As Trotsky explains: 

“The more ‘effective’ the terrorist acts, the greater their impact, the more they reduce the interest of the masses in self-organisation and self-education. But the smoke from the confusion clears away, the panic disappears, the successor of the murdered minister makes his appearance, life again settles into the old rut, the wheel of capitalist exploitation turns as before; only the police repression grows more savage and brazen. And as a result, in place of the kindled hopes and artificially aroused excitement comes disillusionment and apathy.”

While the murder of a bastard capitalist like the CEO of UnitedHealthcare might feel like well-deserved justice, it does not alter the system. And that is why communists do not adopt these tactics.

Filling the vacuum

While the bourgeoisie was shocked by the outpouring of support Luigi received, communists see it as an unmistakable sign of the anti-capitalist mood growing among all sections of the population. What we need is to transform this mood into a political force capable of overthrowing capitalism.

In his manifesto, Luigi says that “it had to be done”. The communists of the RCP say that there is another way. 

Luigi Mangione photographed in police custody. Fair use.

We call on all those who feel that “these parasites had it coming”. We have a long struggle ahead of us. We face a ruling class that has all the wealth and political power on its side. 

What the working class lacks in wealth, it makes up for in strength of numbers. The potential power of the working class to overthrow capitalism and build a society free from the dictatorship of the rich is immense. But it is currently led by union leaders and so-called “left” parties who offer no solutions—and this potential remains stifled.

This contradiction cannot be resolved overnight. The anger revealed by the support for Luigi must be channeled politically. But to do this, we must build a political vehicle to represent the millions of workers who agree with Luigi and direct them into a mass movement, a collective struggle to overthrow capitalism.
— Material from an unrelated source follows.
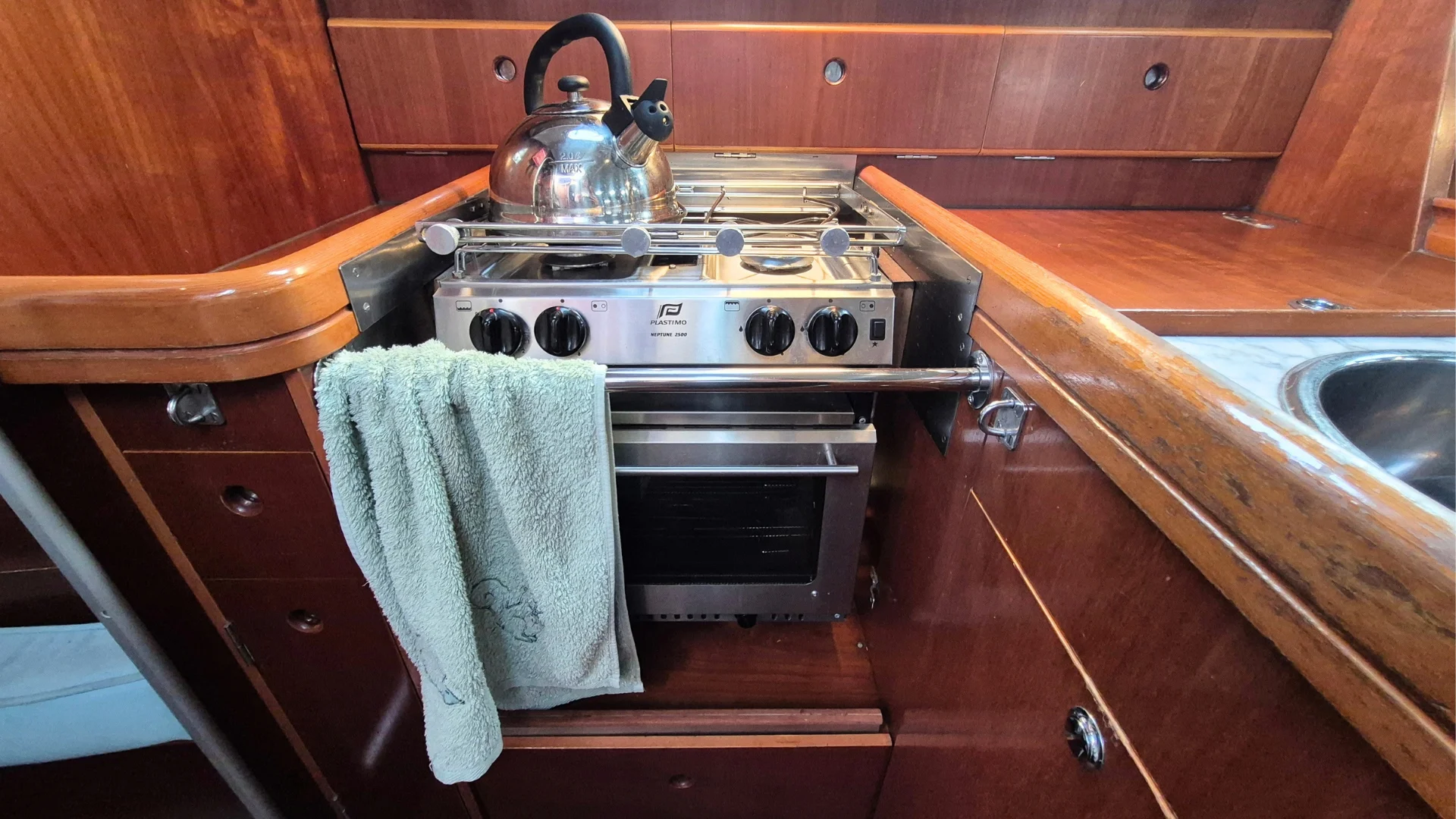 Beneteau First 35.7 - 21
This is why we need a revolutionary party, a communist party.  

We will leave the last word to Trotsky: 

“If we oppose terrorist acts, it is only because individual revenge does not satisfy us. The account we have to settle with the capitalist system is too great to be presented to some functionary called a minister. To learn to see all the crimes against humanity, all the indignities to which the human body and spirit are subjected, as the twisted outgrowths and expressions of the existing social system, in order to direct all our energies into a collective struggle against this system—that is the direction in which the burning desire for revenge can find its highest moral satisfaction.”